The approach is a three-stage distillation pipeline. The authors take a powerful bidirectional foundation model, the kind that can see the whole clip when it edits, and progressively compress its capability into an efficient unidirectional streaming editor that processes video frame by frame as it arrives. To squeeze runtime further they introduce what they call an AR-oriented mask cache that reuses region-related computation across frames, so the system is not redoing work on regions the user did not ask to change. The paper also ships a dedicated benchmark for streaming video editing and reports state-of-the-art visual quality on it against streaming baselines.
Why this matters if you are not training video models: streaming edits unlock a different set of products from clip-at-a-time editing. Live virtual-production touch-ups, in-headset AR effects that adapt to what the camera sees, and edit-while-recording creator tools all want the same shape of capability the authors are describing. Two of the named problems the paper opens with, stable backgrounds and non-edited regions over time, are exactly the things that have made earlier real-time attempts feel unusable.

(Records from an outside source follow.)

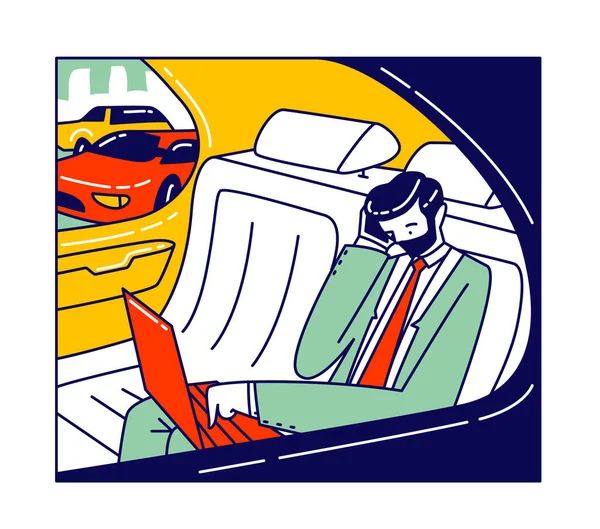 Vip Taşımacılık, İş Gezisi Ulaşım Konsepti. Akıllı Telefonlu İşadamı Karakteri Lüks Arabasında Oturuyor — Stok Vektör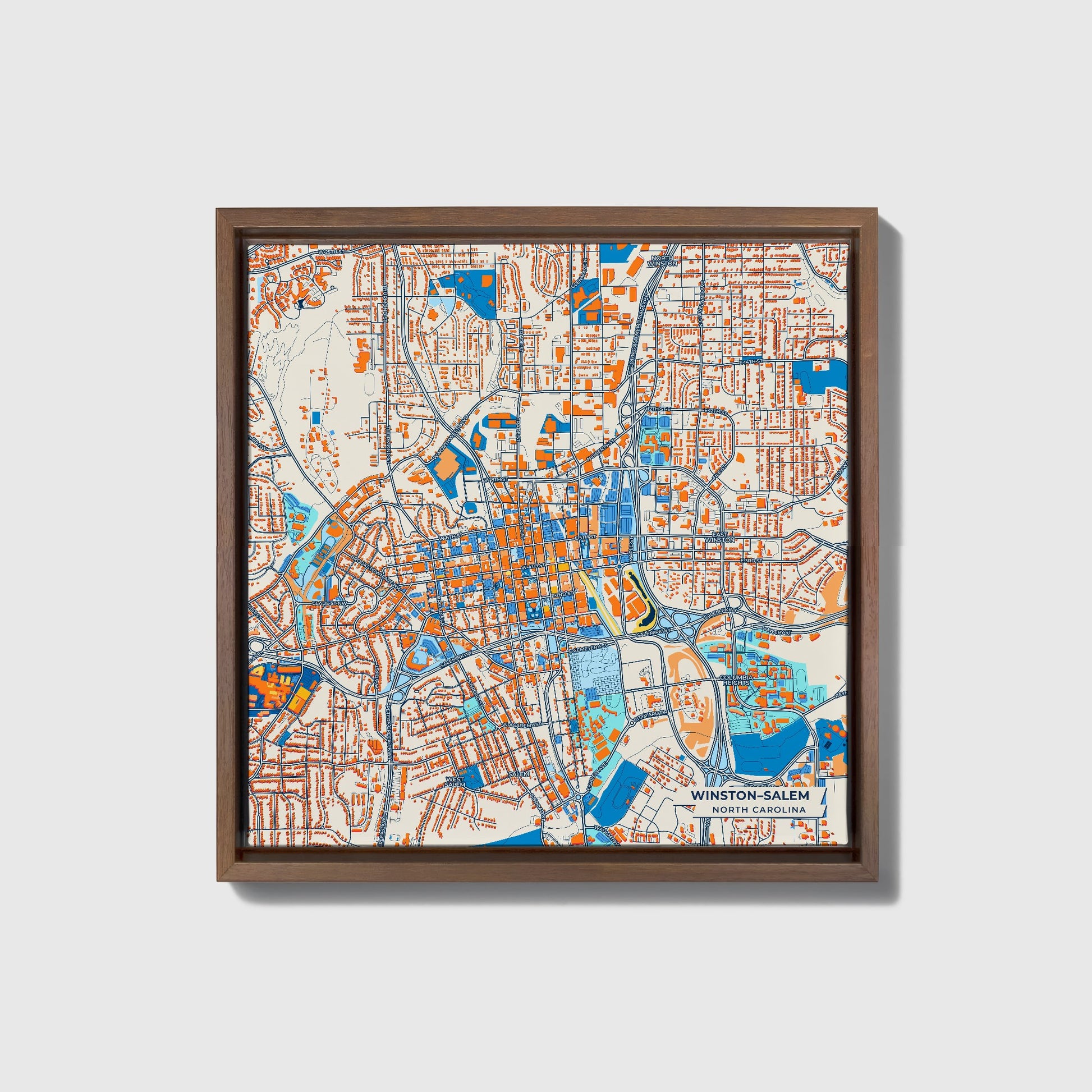 Winston–Salem North Carolina Colorful City Map Canvas Print • Dark Wooden Framed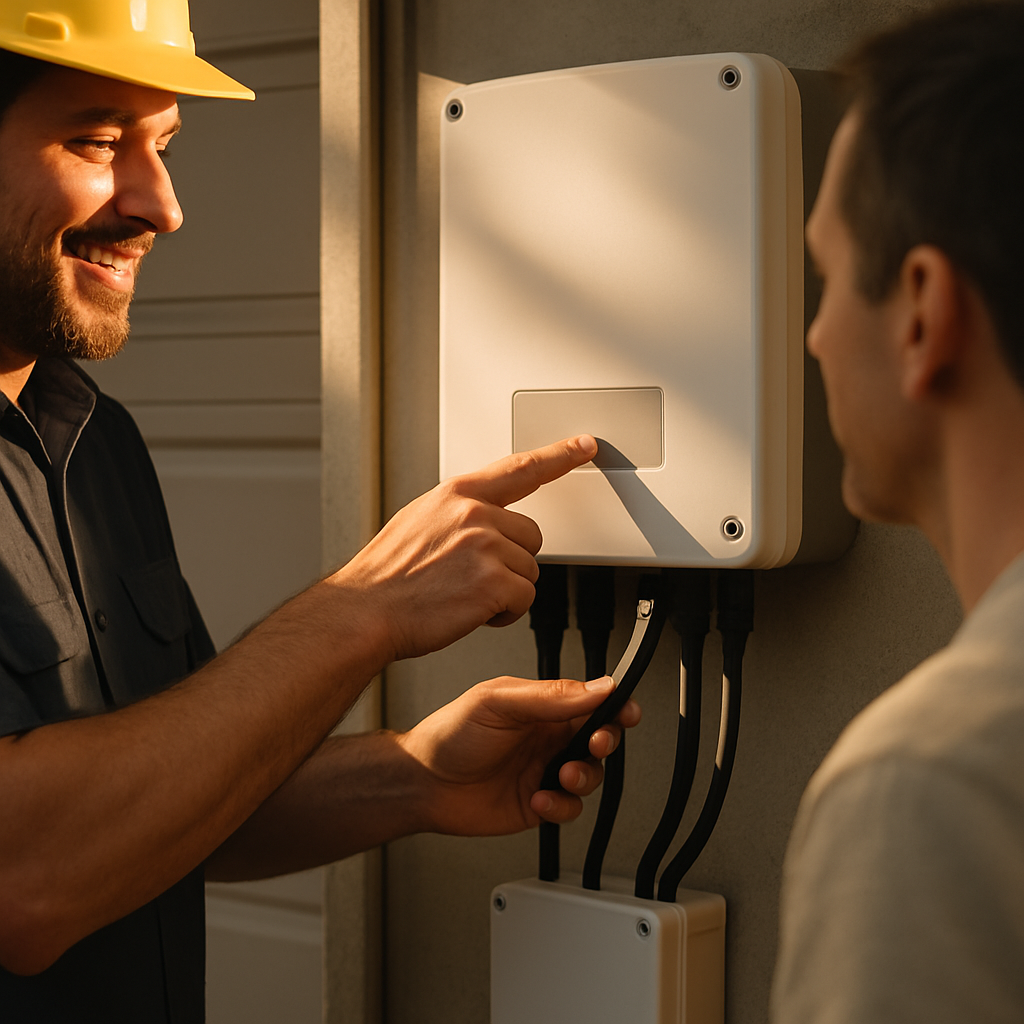 Sungrow Vs. Fronius Hybrid Inverters - A close-up shot focusing on the hands of a friendly, competent-looking solar installer. They are pointing to a label on the side of an inverter (no readable text) and explaining something to a homeowner who is listening attentively. The inverter is mounted on a garage wall, partially shaded.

The honest caveats are the ones the abstract does not address. 12.66 FPS is below the smoothness threshold most viewers associate with live video, the comparison baselines are unnamed in the abstract, and the benchmark is the authors' own, so external replication is still open. What the write-up also does not give you is the hardware the number was measured on, the resolution, or how the system holds up across the long clips its content-preservation pitch is built around.
Still, the direction is the part to watch. If frame-by-frame streaming edits are now possible at all without melting the visuals, the rest of the stack, better teacher models, lighter caches, smarter region tracking, has a clear path.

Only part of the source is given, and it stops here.